El primero de los encuentros entre los dos protagonistas que rueda Benjamin Ree.
El primero de los encuentros entre los dos protagonistas que rueda Benjamin Ree.

La pintora, acostumbrada a mirar el mundo desde perspectivas inusitadas que plasmar sobre un lienzo, le ofreció al ladrón posar para ella. Él, deseoso de pagar la deuda de unos cuadros incapaz de recuperar, aceptó. Benjamin Ree empezó a rodar en el cuarto de esos encuentros, cuando una y otro estaban todavía en proceso de conocerse. Desde ese momento y durante más de tres años siguió documentando el nacimiento de su amistad. Los tres se dejaron llevar hasta comprobar dónde les llevaba este doble retrato. “Cuando diriges una película de ficción, lo haces a partir de un guion previo, pero cuando diriges un documental tomas el control al final, en la sala de montaje. Antes de eso, te enfrentas a la incertidumbre”, destaca el documentalista. Una de las certezas que le hicieron seguir rodando fue el momento en que Bertil, un hombre con una herida de infancia difícil de reparar, se deshizo en lágrimas al ver el resultado del primero de los retratos que Barbora hizo de él y comprobar la distancia entre la percepción que guarda de sí mismo y la que otra persona tiene de él. “Después de ese momento, supe que ellos confiaban en mí y que yo podía confiar en su espontaneidad”, comenta ahora el director.

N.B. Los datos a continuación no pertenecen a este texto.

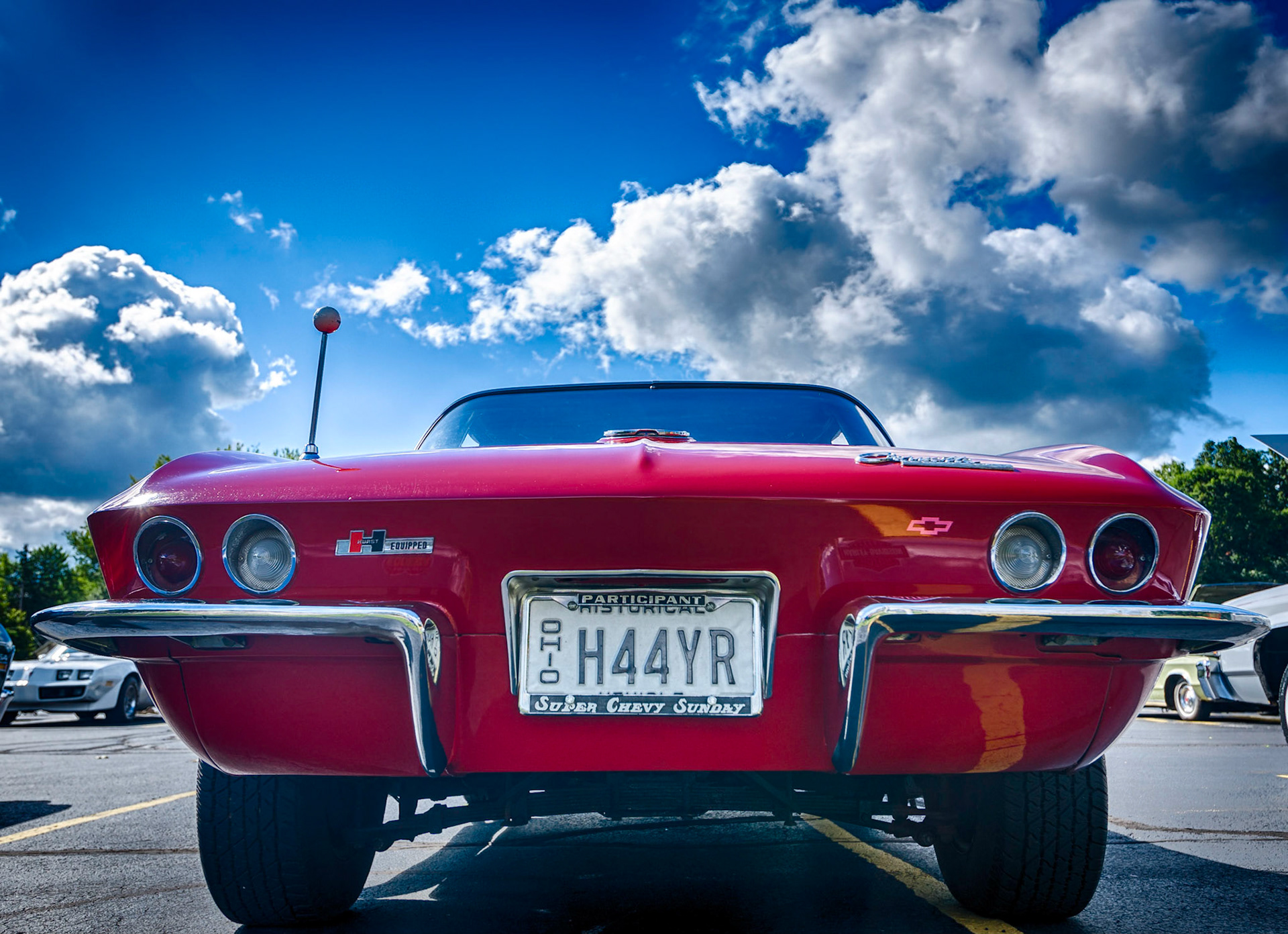 1965 Chevrolet Corvette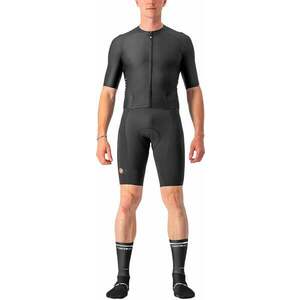 Castelli Sanremo Rc Speed Suit Jersey-Pantaloni scurti Light Black S imagine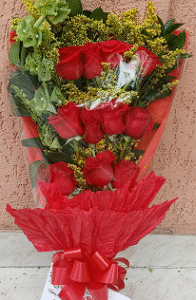 BUQUET No. 17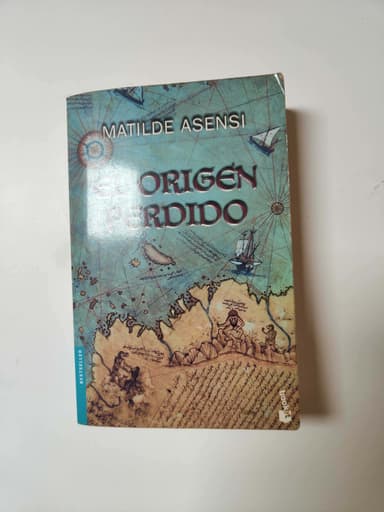 El origen perdido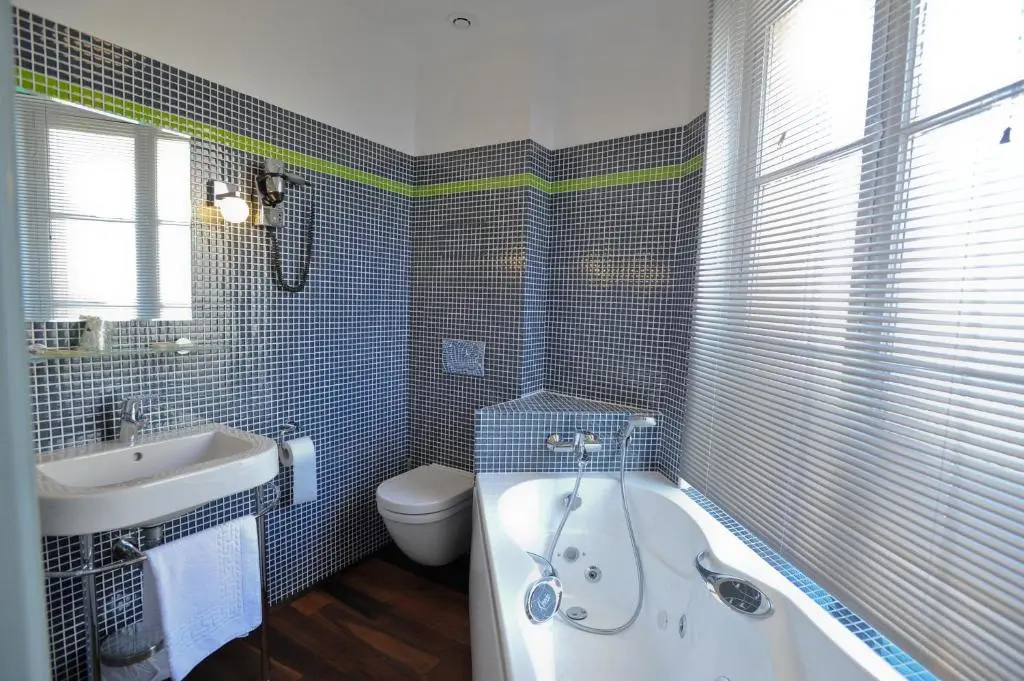 Hotel Le Rayon Vert - Chambres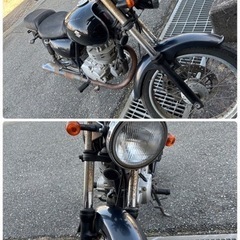 ⭐︎取引中です⭐︎   人気車　SUZUKI  ST250 ジャンク　不動車の画像
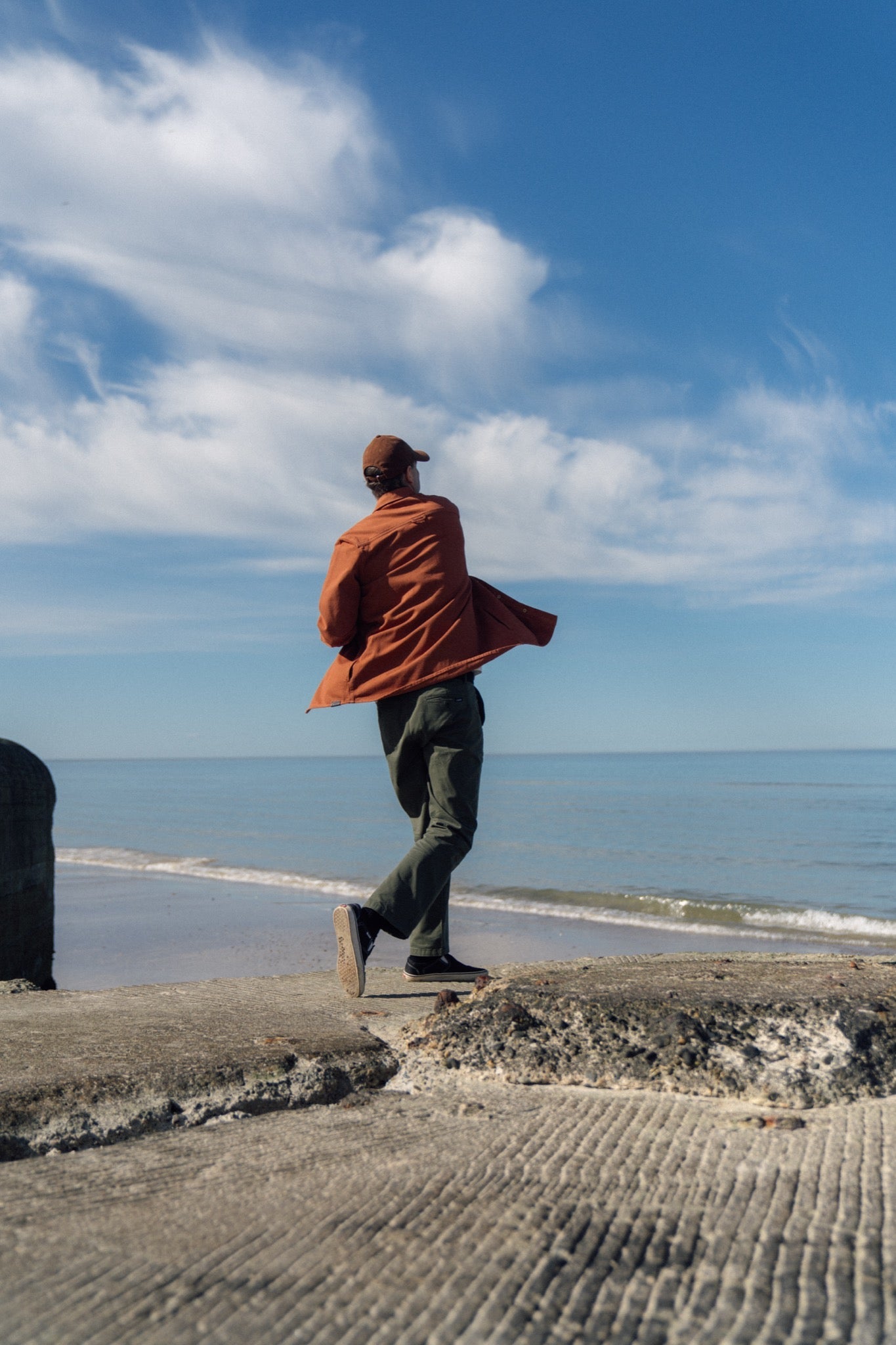 LAKOR Spork Overshirt Overshirt Mocha Bisque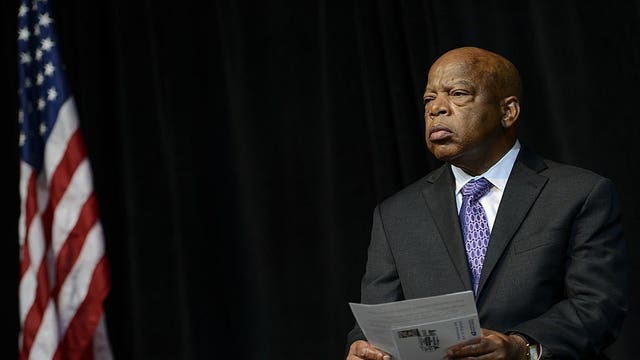 John Lewis to lie in state at US Capitol next week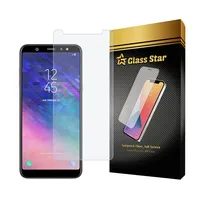 محافظ صفحه نمایش گلس استار مدل SIMPLS مناسب برای گوشی موبایل سامسونگ Galaxy A6 Plus 2018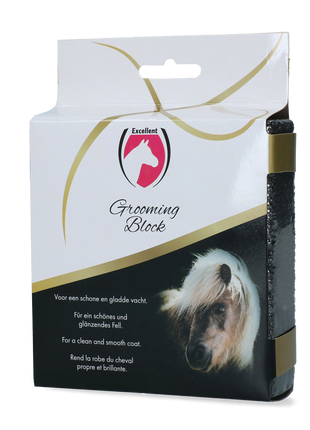 Excellent Horse Grooming Block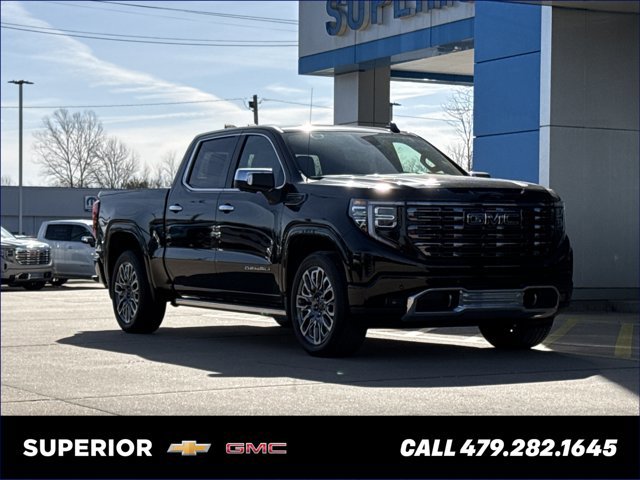 New 2026 GMC Sierra 1500 Denali Ultimate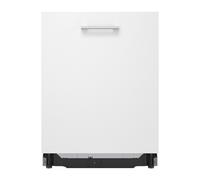 LG DB273TX 60cm Fully Integrated Dishwasher 14 Place A Rated QuadWash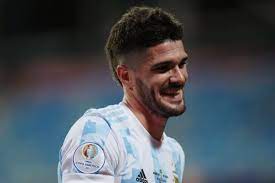 El centrocampista argentino se ha confirmado como una de las sensaciones de la temporada en la serie a y ha llamado la atención de. Exwplkkfayd4jm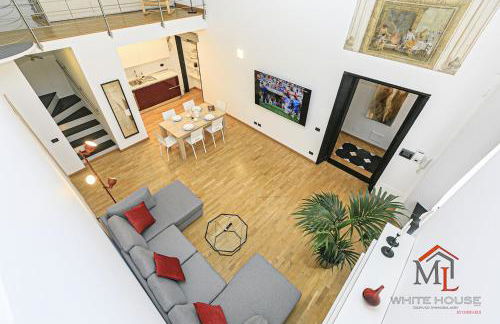 Mimosa house jacuzzi and parking by ML WHITE HOUSE - Foto 3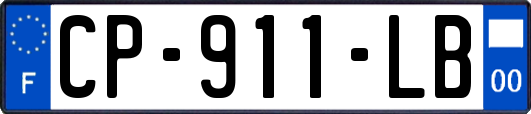 CP-911-LB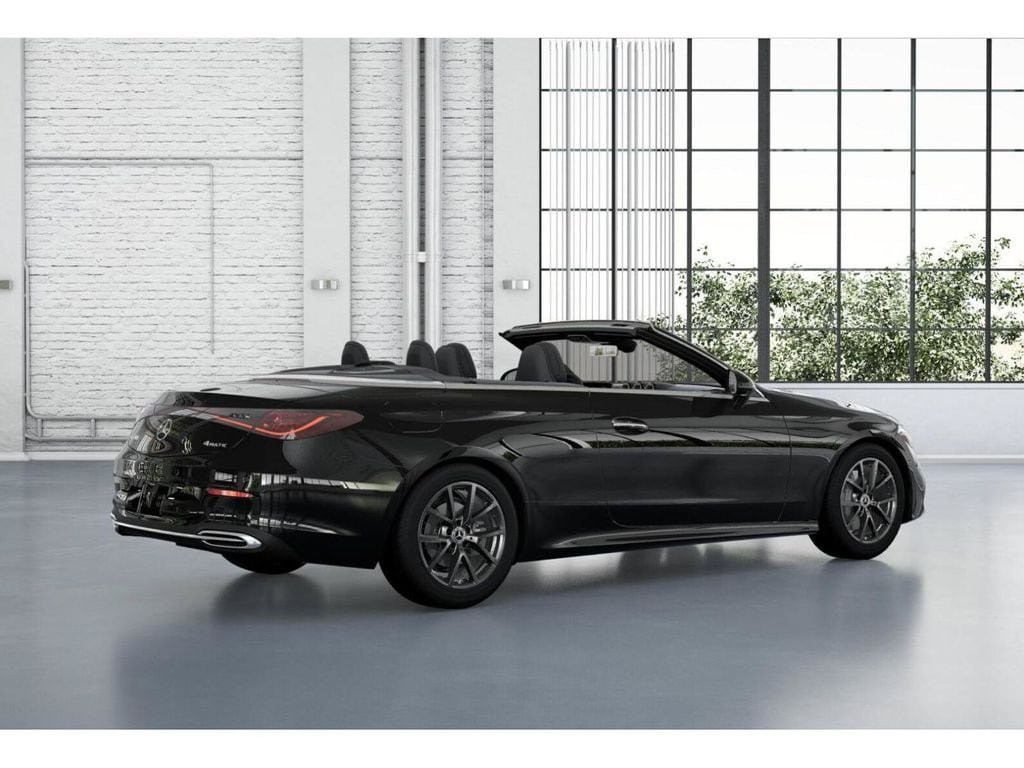 New 2027 Mercedes-Benz CLE 300 4MATIC Cabriolet image 20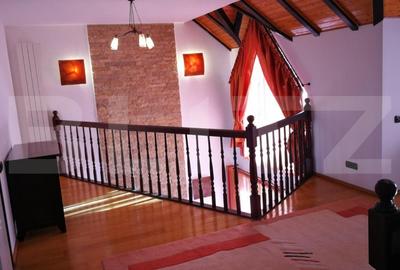 Casa de 500 mp utili, mobilata modern, 440 mp teren in Brasov ! - 3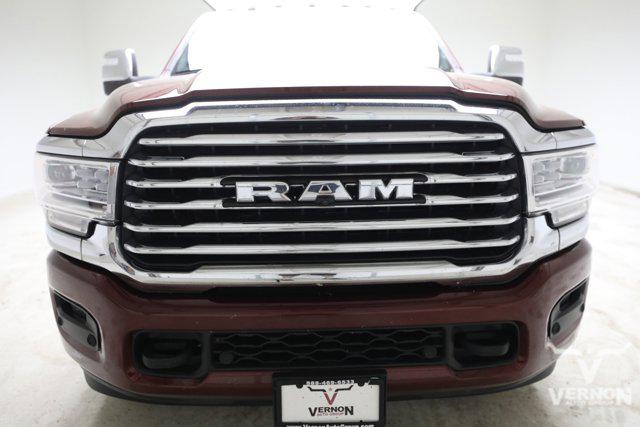 2024 Ram 3500 Limited Longhorn Crew Cab 4x4 8' Box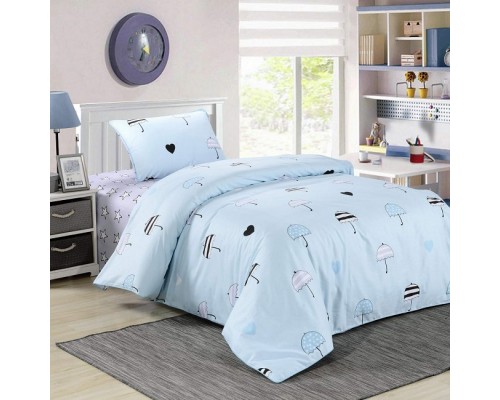 Постельное белье детское Летний Дождик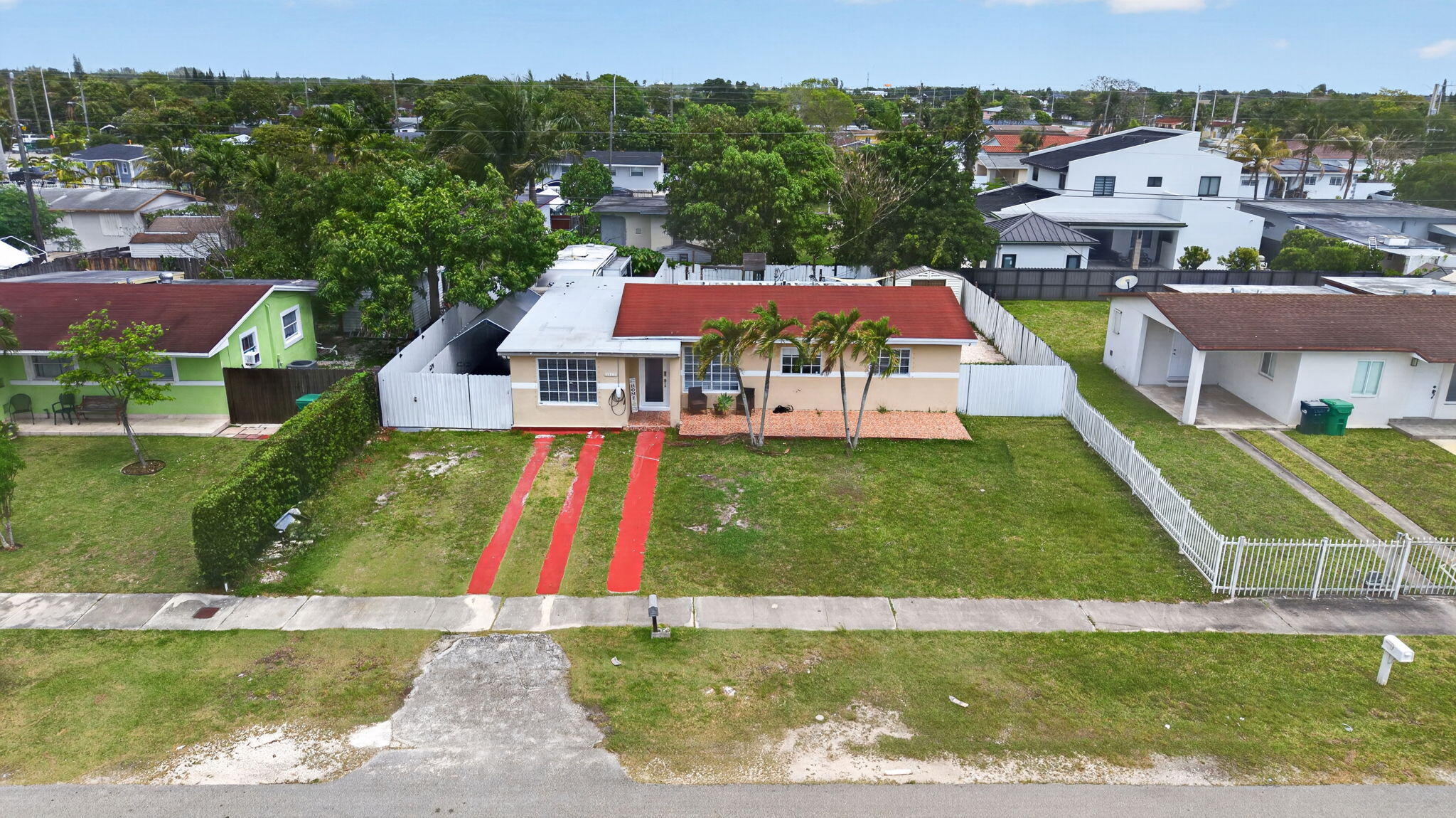 NEW SO MIAMI HEIGHTS SEC - Residential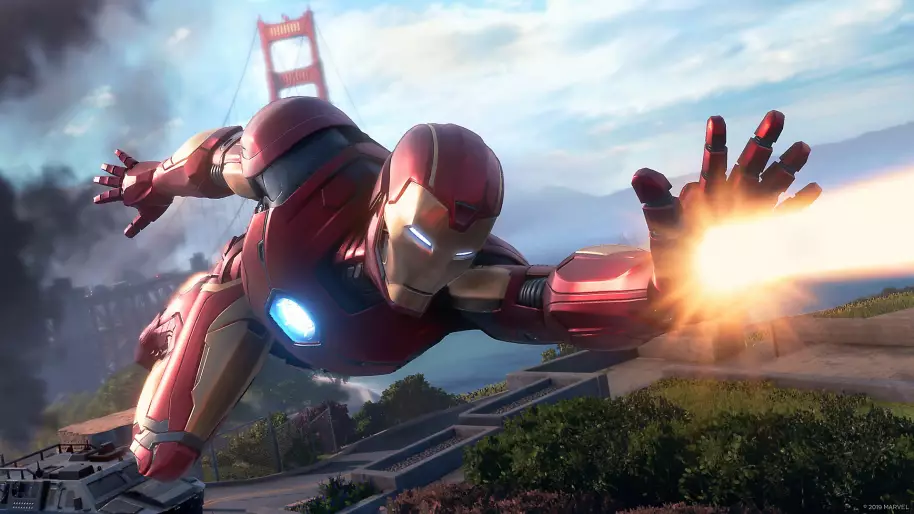 Marvel's Avengers: ¿Estará Marvel's Avengers a la altura de sus competidores? Vemos su progresión y rejugabilidad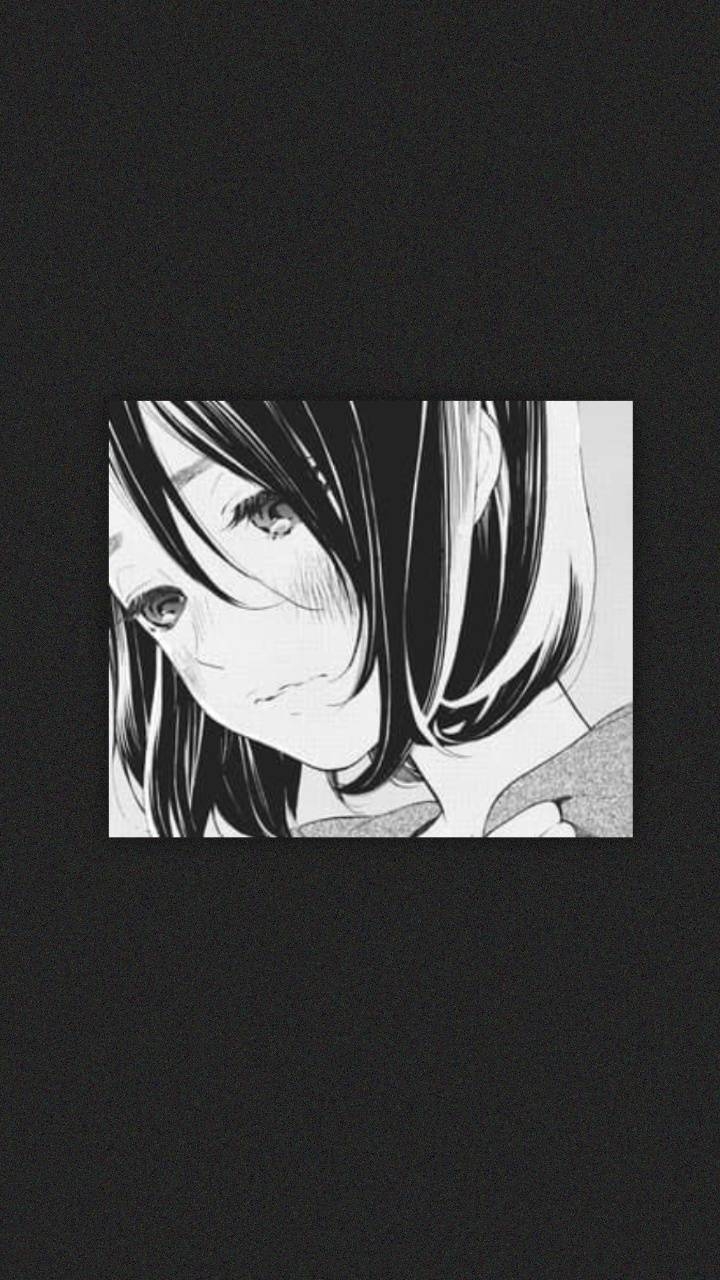 720x1280 Sad Anime Aesthetic Wallpaper Free Sad Anime Aesthetic Background, Phone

Barbora narra en voz en off, con sus propias palabras y su propia mirada, las vicisitudes vitales de Bertil y él hace lo mismo con las de su nueva amiga. “Aunque ella no se dé cuenta, yo también soy capaz de ver su interior”, confiesa el ladrón en la descripción que hace de la pintora. Ambos atienden a las batallas del otro, la lucha por despuntar en el mundo del arte o por mantenerse sobrio. De los 10 minutos planeados, La pintora y el ladrón se extiende hasta los más de 100 para ahondar en las razones, no siempre altruistas, por las que mantenemos a otros en nuestra vida y la forma en la que devolvemos lo que esos otros nos dan.

Detalle de uno de los retratos que la pintora hace del ladrón de sus cuadros.
Detalle de uno de los retratos que la pintora hace del ladrón de sus cuadros.